Block Rotation is All You Need for MXFP4 Quantization
Yuantian Shao, Peisong Wang, Yuanteng Chen, Chang Xu, Zhihui Wei, Jian Cheng
TL;DR
This work benchmarks post-training quantization methods for MXFP4-based $W4A4$ quantization, revealing a fundamental incompatibility between global rotation and MXFP4's PoT block scaling. It analyzes why rotation fails under MXFP4—large-value reconstruction is poor within a PoT-based block, while rotation amplifies small-value blocks— and proposes Block Rotation Quantization (BRQ), a block-wise rotation strategy that preserves block scales and confines energy redistribution. BRQ, combined with GPTQ, yields substantial accuracy gains across multiple LLMs and reduces online rotation costs, outperforming existing rotation-based methods and often beating per-block FP16 baselines. The results offer practical guidance for deploying LLMs on MXFP4 hardware and lay groundwork for future PTQ improvements under low-precision formats.
Abstract
Large language models (LLMs) have achieved remarkable success, but their rapidly growing scale imposes prohibitive costs in memory, computation, and energy. Post-training quantization (PTQ) is a promising solution for efficient deployment, yet achieving accurate W4A4 quantization remains an open challenge.

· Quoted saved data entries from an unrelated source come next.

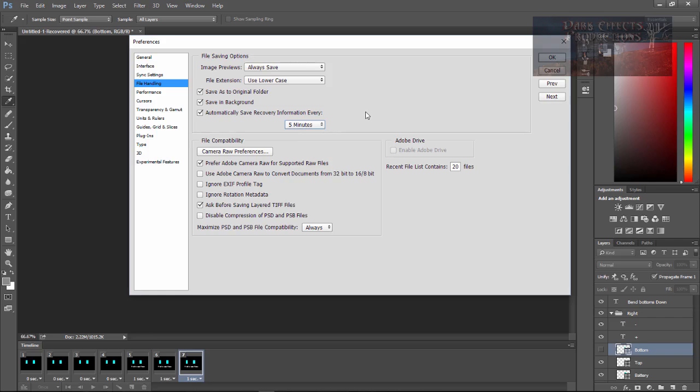I would rather have it do it every two and a half minutes or something like that. I wish it would actually give us the option to choose how long we want instead of the 5, 10, 15, 30, and one hour.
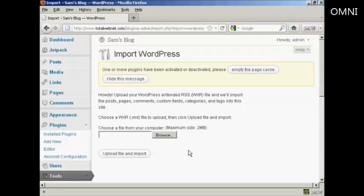Now, one thing that I must stress is that it will only upload the content. You will still need to install the same theme if you want to keep the same theme on your new site. But that's how you can move your WordPress blog from one site to another.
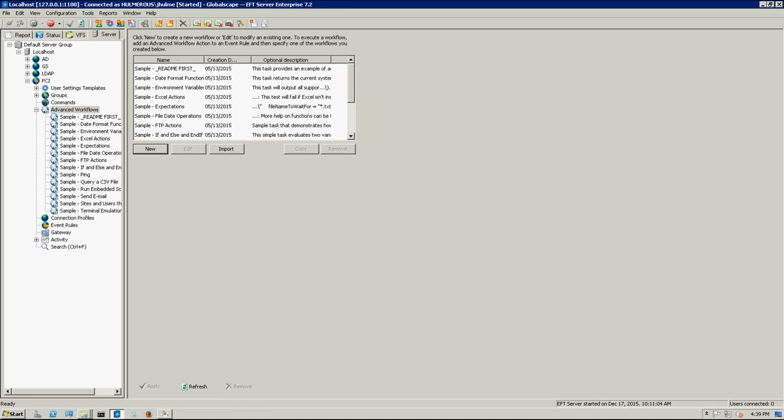Hello, today I'm going to be showing you how to use the Advanced Workflow engine to not only retrieve a directory listing from a remote site using FTP or SFTP, but also to manipulate that directory listing and find the latest file and then download it.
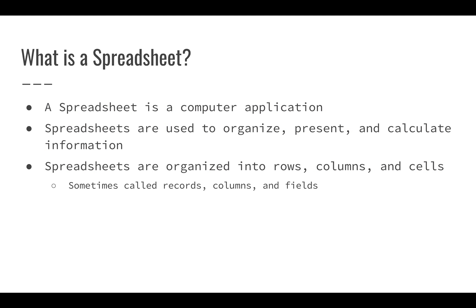A spreadsheet is a computer application that runs on your computer. You can use it to organize, present, and calculate information. You can take a lot of different data that you have - different values, numbers, words - and put all of this together in a spreadsheet. You can use your spreadsheet to organize it, make sense of it, filter and sort it, and understand the data or information that you're working with.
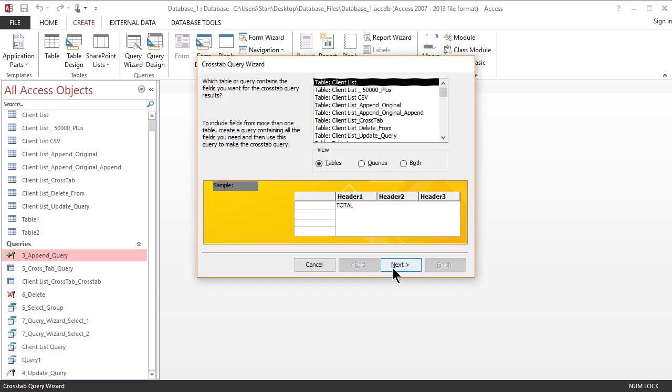We learned about the crosstab query in the past using the query design. Now it should be a little bit easier. Once you're familiar with the crosstab query and query design, it should be easier for you to understand it in the query wizard setup.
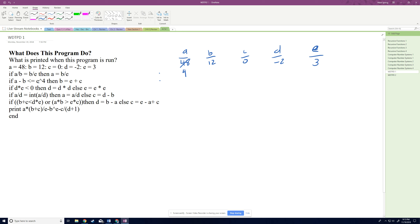The next line says: if a minus b is less than e to the fourth. Well, a minus b is going to be negative, and any negative value is going to be less than a positive value to the fourth power, so I don't even need to calculate it — this is true. So we change b to e plus c, which is 3 plus 0, so b becomes 3.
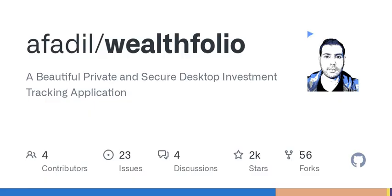With Wealthfolio app, you can enjoy managing your wealth with ease. So why not give it a try today and see how it can help you track your investments efficiently.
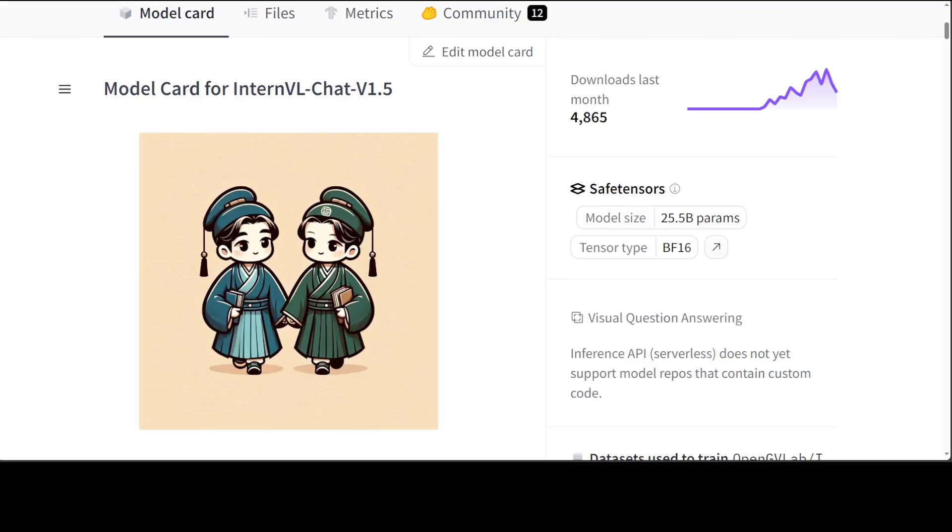The size of this model is by the way more than 40 gig on disk. They have also divided images into tiles ranging from 1 to 40 of 448 by 448 pixels according to the aspect ratio and resolutions of the input images, which supports up to 4K resolution input.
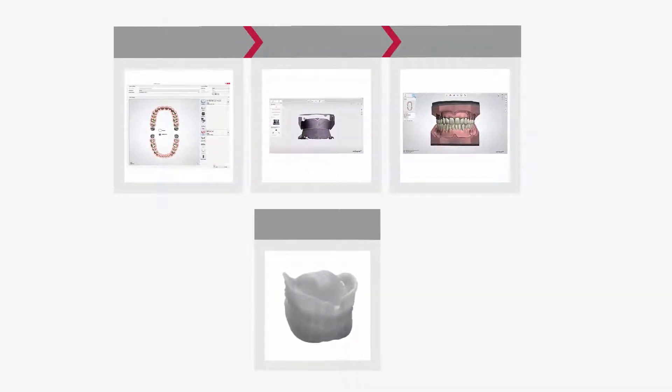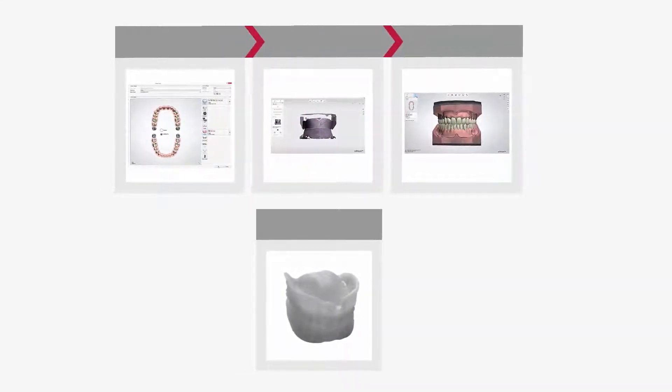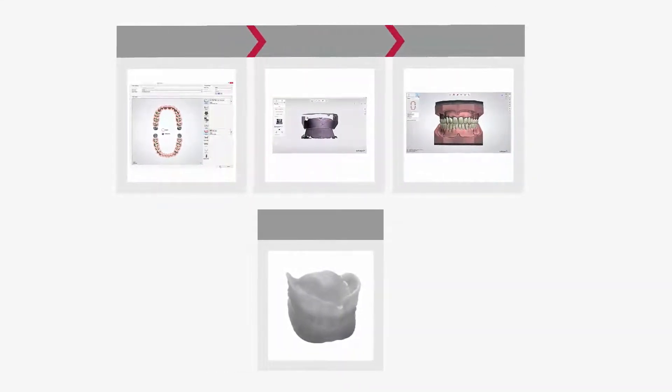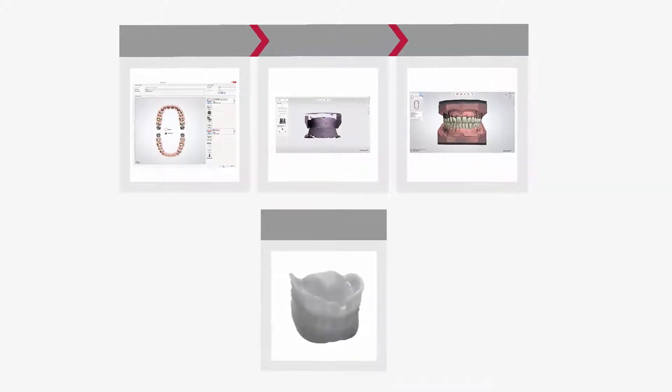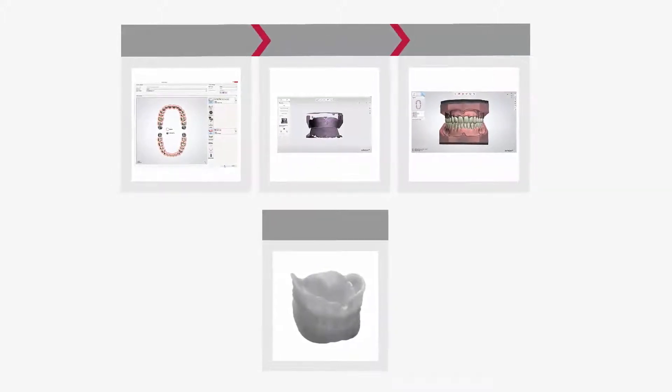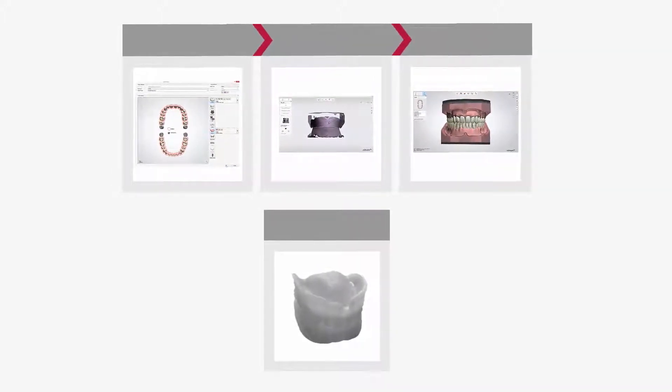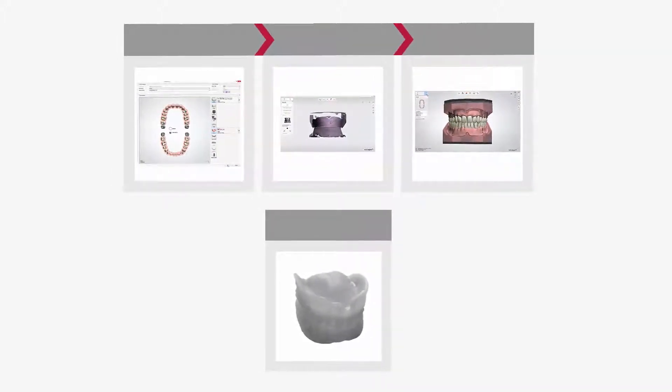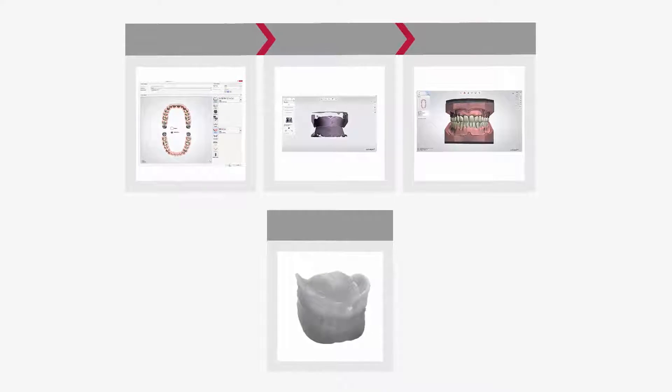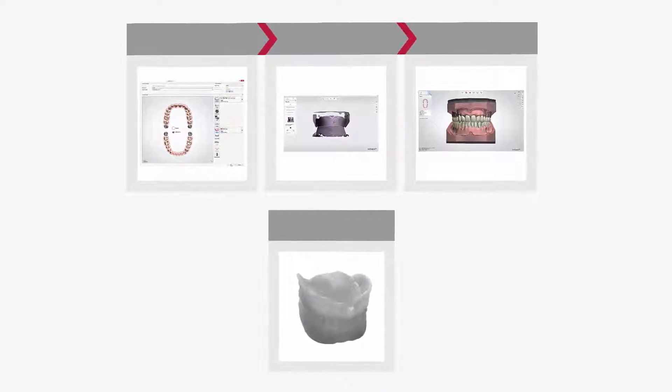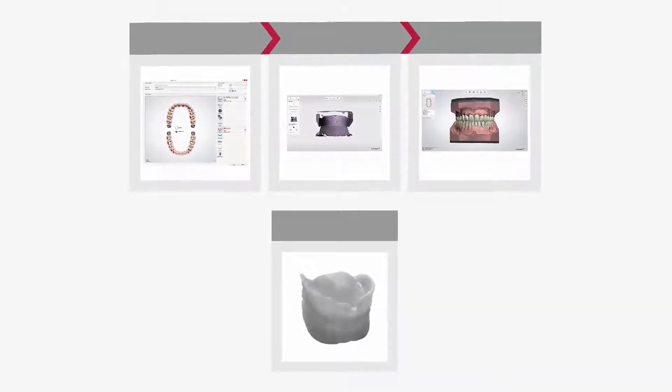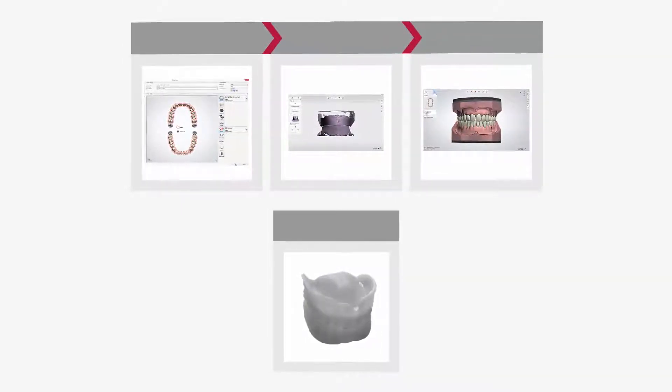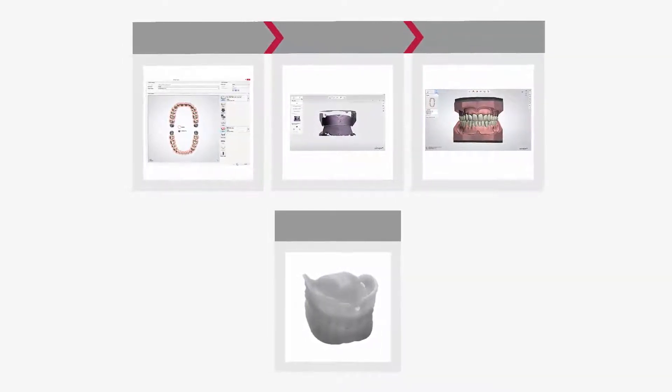Once the try-in denture has been checked and physically adjusted, you can scan it and add the updated shape to the existing order. The try-in model becomes available as a visual guide during all design steps for aligning adjustments with the original denture.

While most existing methods are designed for INT4 formats, the emergence of MXFP4 -- a new FP4 format with various hardware support (NVIDIA, AMD, Intel)-- raises questions about the applicability of current techniques. In this work, we establish a comprehensive benchmark of PTQ methods under the MXFP4 format. Through systematic evaluation, we find that methods like GPTQ consistently deliver strong performance, whereas rotation-based approaches, which are almost used by all state-of-the-art approaches, suffer from severe incompatibility with MXFP4. We further provide the first in-depth analysis of this conflict, tracing its root to a fundamental mismatch between MXFP4's PoT (power-of-two) block scaling and the redistribution of outlier energy via global rotation. Building on this insight, we propose a simple yet effective block rotation strategy that adapts rotation-based methods to MXFP4, leading to substantial accuracy improvements across diverse LLMs. Our findings not only offer clear guidance for practitioners but also set a foundation for advancing PTQ research under emerging low-precision formats.